Ana Cristina Cotta-Queiroz
1   Universidade Federal de Minas Gerais, Faculdade de Medicina, Centro de Investigação de Esclerose Múltipla, Divisão de Neuro-Oftalmologia, Belo Horizonte MG, Brazil.
,
Anna Christina Higino Rocha
1   Universidade Federal de Minas Gerais, Faculdade de Medicina, Centro de Investigação de Esclerose Múltipla, Divisão de Neuro-Oftalmologia, Belo Horizonte MG, Brazil.
,
Grazielle Fialho Souza
1   Universidade Federal de Minas Gerais, Faculdade de Medicina, Centro de Investigação de Esclerose Múltipla, Divisão de Neuro-Oftalmologia, Belo Horizonte MG, Brazil.
,
Natália Cirino Talim
1   Universidade Federal de Minas Gerais, Faculdade de Medicina, Centro de Investigação de Esclerose Múltipla, Divisão de Neuro-Oftalmologia, Belo Horizonte MG, Brazil.
,
Paulo Pereira Christo
1   Universidade Federal de Minas Gerais, Faculdade de Medicina, Centro de Investigação de Esclerose Múltipla, Divisão de Neuro-Oftalmologia, Belo Horizonte MG, Brazil.
,
Marco A. Lana-Peixoto
1   Universidade Federal de Minas Gerais, Faculdade de Medicina, Centro de Investigação de Esclerose Múltipla, Divisão de Neuro-Oftalmologia, Belo Horizonte MG, Brazil.
› Author Affiliations
 

    Address for correspondence: Marco A. Lana Peixoto (email: marco.lanapeixoto@gmail.com).

    Abstract

    Background: Granulomatosis with polyangiitis (GPA) is a rare systemic vasculitis predominantly involving the respiratory tract and kidneys. While ocular manifestations occur in approximately 50% of the cases, optic neuritis at disease onset is rare. We describe two cases in which optic neuritis was the initial presentation of GPA.

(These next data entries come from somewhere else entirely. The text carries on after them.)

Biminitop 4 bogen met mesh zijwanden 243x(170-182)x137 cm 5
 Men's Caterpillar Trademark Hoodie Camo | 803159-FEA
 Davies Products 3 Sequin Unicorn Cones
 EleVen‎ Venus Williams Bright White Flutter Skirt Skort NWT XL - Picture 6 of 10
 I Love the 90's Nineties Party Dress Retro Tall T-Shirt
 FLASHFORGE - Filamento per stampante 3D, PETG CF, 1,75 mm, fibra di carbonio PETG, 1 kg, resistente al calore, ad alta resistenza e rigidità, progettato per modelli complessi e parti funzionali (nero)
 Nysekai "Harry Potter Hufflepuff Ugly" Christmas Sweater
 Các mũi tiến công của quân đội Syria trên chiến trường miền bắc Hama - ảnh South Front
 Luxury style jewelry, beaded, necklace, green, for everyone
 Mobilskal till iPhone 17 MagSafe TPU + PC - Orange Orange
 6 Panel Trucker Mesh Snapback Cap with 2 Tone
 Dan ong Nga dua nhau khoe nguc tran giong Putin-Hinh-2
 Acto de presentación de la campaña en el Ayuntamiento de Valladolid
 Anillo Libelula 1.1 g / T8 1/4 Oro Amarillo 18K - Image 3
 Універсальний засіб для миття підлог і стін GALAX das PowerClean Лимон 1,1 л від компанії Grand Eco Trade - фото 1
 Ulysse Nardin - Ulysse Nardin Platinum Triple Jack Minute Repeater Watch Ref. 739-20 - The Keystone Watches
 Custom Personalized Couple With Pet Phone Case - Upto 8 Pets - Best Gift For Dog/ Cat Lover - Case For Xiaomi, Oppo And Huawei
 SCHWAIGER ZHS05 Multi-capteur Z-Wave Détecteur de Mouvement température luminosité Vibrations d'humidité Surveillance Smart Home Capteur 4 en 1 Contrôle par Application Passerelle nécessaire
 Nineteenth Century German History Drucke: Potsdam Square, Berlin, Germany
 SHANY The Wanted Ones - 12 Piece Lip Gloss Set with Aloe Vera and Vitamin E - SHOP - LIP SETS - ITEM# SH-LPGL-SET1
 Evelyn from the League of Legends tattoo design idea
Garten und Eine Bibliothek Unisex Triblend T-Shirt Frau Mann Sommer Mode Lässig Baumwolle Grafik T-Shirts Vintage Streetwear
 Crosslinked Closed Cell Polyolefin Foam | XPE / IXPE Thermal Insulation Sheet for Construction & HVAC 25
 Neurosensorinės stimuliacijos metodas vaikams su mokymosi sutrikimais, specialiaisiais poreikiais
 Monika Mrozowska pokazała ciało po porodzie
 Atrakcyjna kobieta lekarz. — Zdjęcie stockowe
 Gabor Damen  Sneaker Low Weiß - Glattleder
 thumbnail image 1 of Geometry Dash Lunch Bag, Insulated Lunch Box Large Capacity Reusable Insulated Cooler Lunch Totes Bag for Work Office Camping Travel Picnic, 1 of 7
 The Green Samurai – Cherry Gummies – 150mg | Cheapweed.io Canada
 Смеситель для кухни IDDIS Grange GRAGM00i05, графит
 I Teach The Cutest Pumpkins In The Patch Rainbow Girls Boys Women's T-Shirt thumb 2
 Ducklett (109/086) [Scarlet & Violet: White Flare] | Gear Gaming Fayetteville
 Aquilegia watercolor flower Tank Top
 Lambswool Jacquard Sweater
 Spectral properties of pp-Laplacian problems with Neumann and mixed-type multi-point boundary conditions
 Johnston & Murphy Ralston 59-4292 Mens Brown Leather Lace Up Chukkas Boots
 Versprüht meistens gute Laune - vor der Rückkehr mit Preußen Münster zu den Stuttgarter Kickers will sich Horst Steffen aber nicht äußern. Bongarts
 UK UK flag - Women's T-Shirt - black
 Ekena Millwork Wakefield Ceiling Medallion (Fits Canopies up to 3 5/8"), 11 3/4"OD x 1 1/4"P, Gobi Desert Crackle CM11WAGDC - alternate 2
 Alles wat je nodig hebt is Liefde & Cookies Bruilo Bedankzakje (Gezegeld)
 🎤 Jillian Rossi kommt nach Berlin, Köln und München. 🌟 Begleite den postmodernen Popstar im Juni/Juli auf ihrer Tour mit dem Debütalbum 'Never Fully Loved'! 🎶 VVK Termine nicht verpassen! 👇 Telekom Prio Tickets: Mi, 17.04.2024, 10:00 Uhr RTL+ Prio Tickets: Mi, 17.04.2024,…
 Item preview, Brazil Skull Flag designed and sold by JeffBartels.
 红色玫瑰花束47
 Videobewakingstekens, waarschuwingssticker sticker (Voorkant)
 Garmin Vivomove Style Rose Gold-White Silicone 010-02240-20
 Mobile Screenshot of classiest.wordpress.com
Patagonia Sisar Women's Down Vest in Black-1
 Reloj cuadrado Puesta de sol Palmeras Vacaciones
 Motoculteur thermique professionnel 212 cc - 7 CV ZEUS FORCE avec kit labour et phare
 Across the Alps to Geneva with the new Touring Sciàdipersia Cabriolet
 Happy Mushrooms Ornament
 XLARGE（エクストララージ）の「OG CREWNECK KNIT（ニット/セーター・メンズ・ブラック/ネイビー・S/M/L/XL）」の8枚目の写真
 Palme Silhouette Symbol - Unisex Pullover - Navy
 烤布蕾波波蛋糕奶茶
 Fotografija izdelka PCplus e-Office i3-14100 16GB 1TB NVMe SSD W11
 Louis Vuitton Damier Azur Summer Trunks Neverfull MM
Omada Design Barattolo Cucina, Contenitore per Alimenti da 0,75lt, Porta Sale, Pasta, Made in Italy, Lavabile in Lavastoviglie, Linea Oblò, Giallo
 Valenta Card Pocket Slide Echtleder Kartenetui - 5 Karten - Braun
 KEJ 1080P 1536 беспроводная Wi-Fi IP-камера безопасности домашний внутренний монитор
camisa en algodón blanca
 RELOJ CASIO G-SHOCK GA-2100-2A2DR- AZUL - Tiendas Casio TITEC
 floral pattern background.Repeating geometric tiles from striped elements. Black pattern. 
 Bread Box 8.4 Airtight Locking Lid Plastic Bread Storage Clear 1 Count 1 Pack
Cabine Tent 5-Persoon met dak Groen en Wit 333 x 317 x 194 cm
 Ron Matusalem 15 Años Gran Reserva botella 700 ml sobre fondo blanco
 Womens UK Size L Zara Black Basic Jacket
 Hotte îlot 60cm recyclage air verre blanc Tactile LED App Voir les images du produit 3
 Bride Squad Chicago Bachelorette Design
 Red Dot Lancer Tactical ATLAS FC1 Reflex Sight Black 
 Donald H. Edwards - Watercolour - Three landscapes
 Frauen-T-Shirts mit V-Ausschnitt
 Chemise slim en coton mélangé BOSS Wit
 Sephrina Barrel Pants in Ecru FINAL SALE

    Case Presentation: Case 1: A 51-year-old, previously healthy man presented with headache and visual loss in the left eye (LE). An examination revealed a visual acuity (VA) of 20/20 in the right eye (RE) and counting fingers in the LE. A relative afferent pupillary defect was observed in the LE. Brain and orbit MRI scans showed pachymeningitis, an expansive lesion in the left orbital apex, and an enhanced lesion in the left optic nerve. The biopsy findings were consistent with GPA. Despite treatment with corticosteroids and cyclophosphamide, he developed loss of vision in the RE. The VA declined to counting fingers in the RE and no light perception in the LE. Case 2: A 56-year-old man developed painful visual loss in the RE. The diagnosis of optic neuritis was made, and he received IV pulses of methylprednisolone, resulting in RE amaurosis. Four months later, he developed painful LE amaurosis with no response to IV methylprednisolone. He was then referred to our center. An examination revealed bilateral amaurosis, ophthalmoplegia in both eyes, and necrotizing scleritis, leading to perforation of the RE. An MRI scan demonstrated bilateral optic nerve enhancement and hyperintense lesions in the apex of both orbits. A biopsy confirmed GPA. No improvement was observed following treatment with cyclophosphamide and steroids. Treatment was subsequently changed to rituximab.

    Conclusion: These cases highlight that optic neuritis may occur at the onset of GPA, contributing to its severe outcomes. Early identification of the nature of the optic neuritis and appropriate treatment are essential to avoid catastrophic outcomes.


    No conflict of interest has been declared by the author(s).

    Publication History

    Article published online:
    02 October 2024

    © 2024. The Author(s). This is an open access article published by Thieme under the terms of the Creative Commons Attribution 4.0 International License, permitting copying and reproduction so long as the original work is given appropriate credit (https://creativecommons.org/licenses/by/4.0/)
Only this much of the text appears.